[Given entries — start]
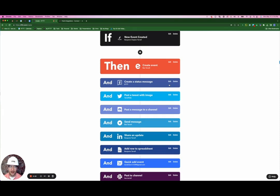I know this looks like a lot, but honestly, this took me five, maybe ten minutes tops to create this applet. So for every time I have a new event that I create in Flutin, it's then going to tell IFTTT to create an event on Eventbrite, post this event and details to Facebook, Twitter, Discord, Telegram, and LinkedIn. It's then going to add a new row in Google Sheets so that I can keep track of all of my past events, block out time in my own calendar so that I don't double schedule, and finally, send a Slack message to my coworkers so that they can join the live event as well.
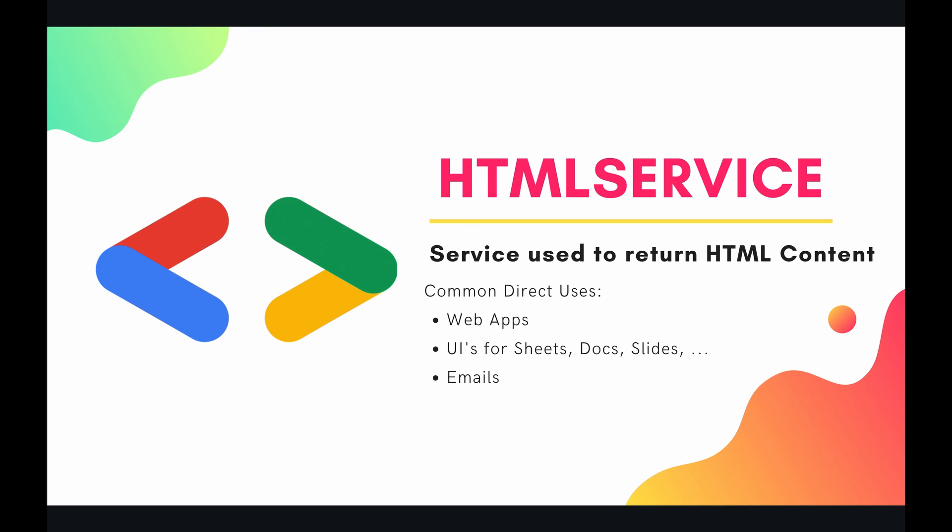HTML service is used to return your HTML content as HTML and not as just text. Some of the common direct uses of HTML service are obviously web apps. So web apps are written in HTML, and if you want to have your web app hosted by Apps Script in general, you're going to need to serve your HTML through the parent class of HTML service.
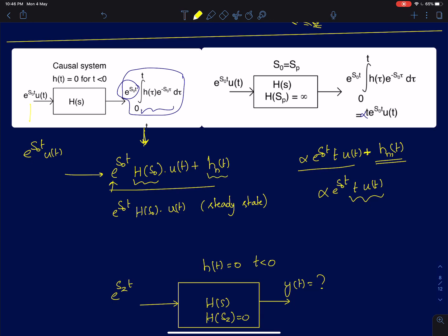There was one difference: there is an additional term, which I call h(t), more like a natural response of the system determined by the poles. This is a function of time where the time dependence comes entirely from the poles of the system. For a stable system, if all poles are in the left s-plane, the impulse response h(t) contains only decaying exponential terms. We can ignore that in the steady state, and the gain simply reduces to the frequency response — the transfer function evaluated at s = s₀.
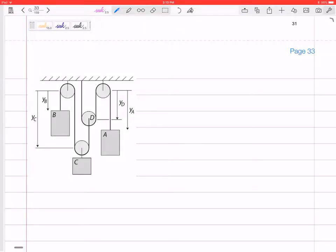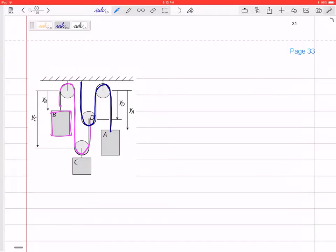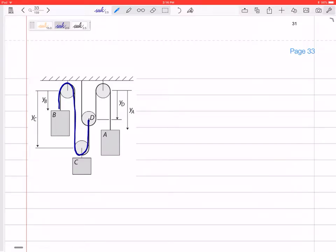Let's start with some simple constrained motion problems — motions where blocks are connected by ropes, maybe wrapping around pulleys. In this problem we have two separate ropes, but the velocity of A is related to velocity of B, which is related to velocity of C. Our process is: write down an equation for the length of the rope, take the derivative, and set it equal to zero. Since we have two separate ropes, we'll have two equations.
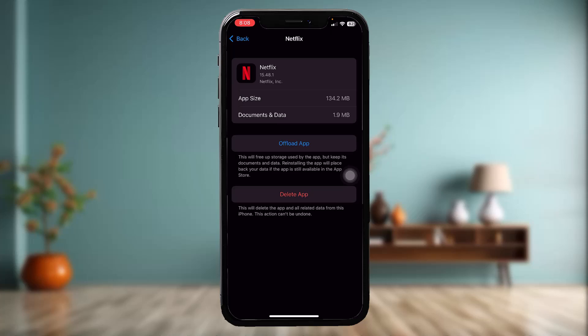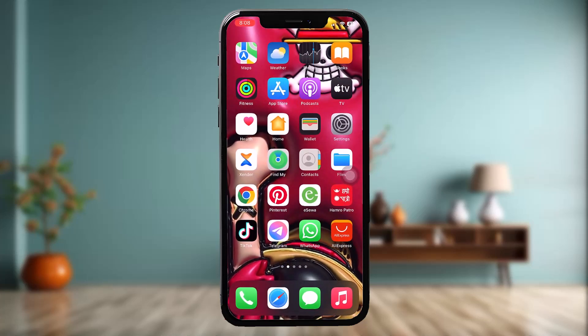Instead of the Offload App option, you'll now have an option that says Reinstall App — simply tap on that. Once that process is complete, try again and that will probably fix the issue.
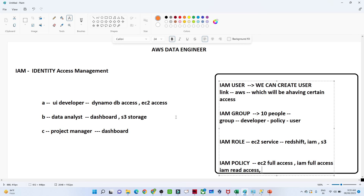IAM is Identity Access Management — whenever we talk about any access-related policy in AWS, we always refer to IAM. We gave an example where a UI developer gets only their required access, and with IAM User and Group we assign policies and roles accordingly. In the next video we will do a practical to understand more. Thank you.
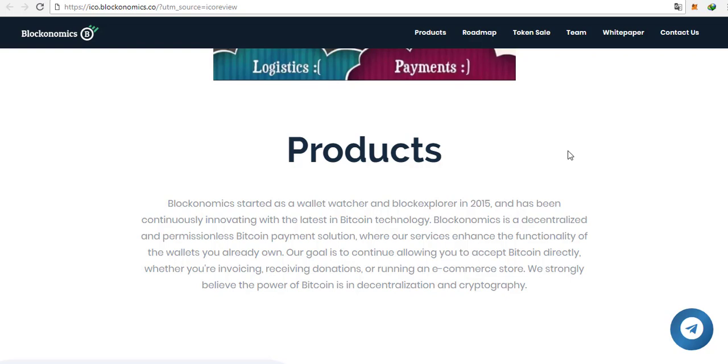As you can see here are the products made by Blockonomics. You have Bitcoin Wallet Watcher, peer-to-peer invoices which I mentioned before, and also a block explorer which is really important to send transactions.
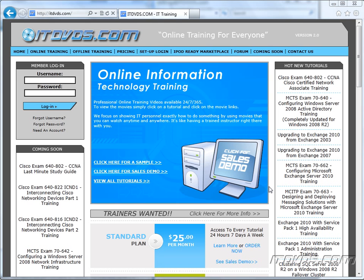Welcome to the ITDVDs.com YouTube channel. This is just a sample of the training available at ITDVDs.com. If you would like to see complete training, please go to ITDVDs.com. Now let's begin the sample.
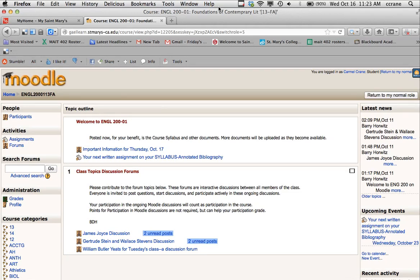Hi, this is Carmel from Instructional Technology and IT Services, here to show you how to use the Moodle discussion forums for your English 200 course with Professor Horowitz.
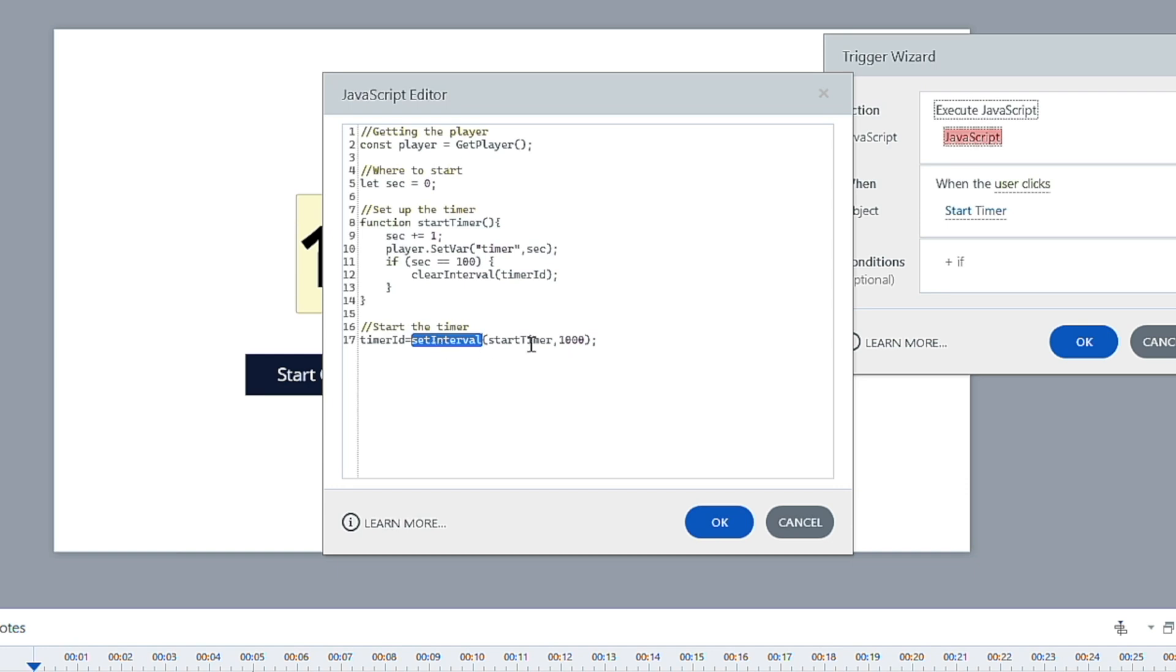Well, that function we have right here, so it's going to run that function. And then we have a comma, and then the amount, every how often is this going to happen. So we have this set at 1000 right now, which is basically in milliseconds, and 1000 equals one second.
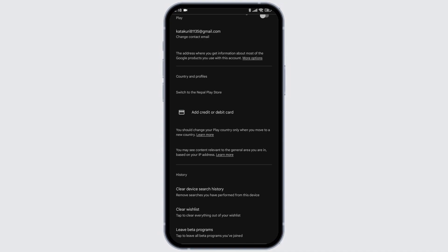After you change the country, the currency will also be automatically changed. Well, this way you can easily change currency in Google Play Store.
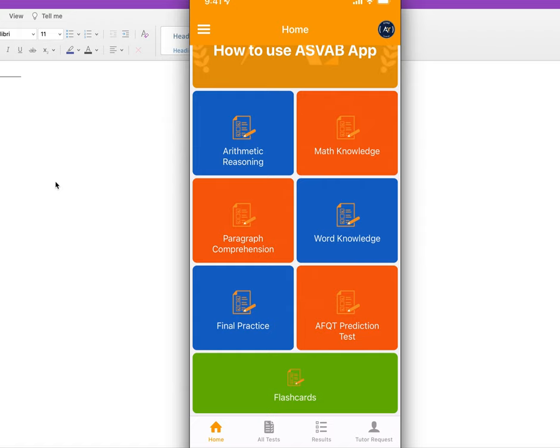If you take it one time, you might not get a clear picture of whether you're ready or not. But if you take it a few times, it will tell you if you are ready. If you score below 30, I highly recommend you study — that will help you get a higher score.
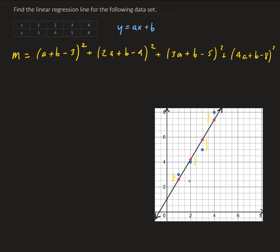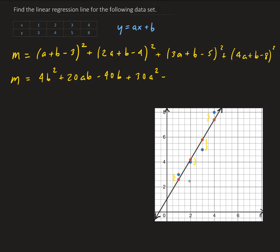So now let's go ahead and simplify this. Multiplying everything out and combining like terms, we're going to end up getting 4B² + 20AB − 40B + 30A² − 116A + 114. That's our mean square error equation.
[Given entries — finish]
◆ Your goal:
Before you finish, make sure every line above has been repeated exactly and no picture remains in the copy.

◆ Exercise response:
I know this looks like a lot, but honestly, this took me five, maybe ten minutes tops to create this applet. So for every time I have a new event that I create in Flutin, it's then going to tell IFTTT to create an event on Eventbrite, post this event and details to Facebook, Twitter, Discord, Telegram, and LinkedIn. It's then going to add a new row in Google Sheets so that I can keep track of all of my past events, block out time in my own calendar so that I don't double schedule, and finally, send a Slack message to my coworkers so that they can join the live event as well.
HTML service is used to return your HTML content as HTML and not as just text. Some of the common direct uses of HTML service are obviously web apps. So web apps are written in HTML, and if you want to have your web app hosted by Apps Script in general, you're going to need to serve your HTML through the parent class of HTML service.
There was one difference: there is an additional term, which I call h(t), more like a natural response of the system determined by the poles. This is a function of time where the time dependence comes entirely from the poles of the system. For a stable system, if all poles are in the left s-plane, the impulse response h(t) contains only decaying exponential terms. We can ignore that in the steady state, and the gain simply reduces to the frequency response — the transfer function evaluated at s = s₀.
Let's start with some simple constrained motion problems — motions where blocks are connected by ropes, maybe wrapping around pulleys. In this problem we have two separate ropes, but the velocity of A is related to velocity of B, which is related to velocity of C. Our process is: write down an equation for the length of the rope, take the derivative, and set it equal to zero. Since we have two separate ropes, we'll have two equations.
Instead of the Offload App option, you'll now have an option that says Reinstall App — simply tap on that. Once that process is complete, try again and that will probably fix the issue.
IAM is Identity Access Management — whenever we talk about any access-related policy in AWS, we always refer to IAM. We gave an example where a UI developer gets only their required access, and with IAM User and Group we assign policies and roles accordingly. In the next video we will do a practical to understand more. Thank you.
As you can see here are the products made by Blockonomics. You have Bitcoin Wallet Watcher, peer-to-peer invoices which I mentioned before, and also a block explorer which is really important to send transactions.
Welcome to the ITDVDs.com YouTube channel. This is just a sample of the training available at ITDVDs.com. If you would like to see complete training, please go to ITDVDs.com. Now let's begin the sample.
Hi, this is Carmel from Instructional Technology and IT Services, here to show you how to use the Moodle discussion forums for your English 200 course with Professor Horowitz.
Well, that function we have right here, so it's going to run that function. And then we have a comma, and then the amount, every how often is this going to happen. So we have this set at 1000 right now, which is basically in milliseconds, and 1000 equals one second.
After you change the country, the currency will also be automatically changed. Well, this way you can easily change currency in Google Play Store.
If you take it one time, you might not get a clear picture of whether you're ready or not. But if you take it a few times, it will tell you if you are ready. If you score below 30, I highly recommend you study — that will help you get a higher score.
So now let's go ahead and simplify this. Multiplying everything out and combining like terms, we're going to end up getting 4B² + 20AB − 40B + 30A² − 116A + 114. That's our mean square error equation.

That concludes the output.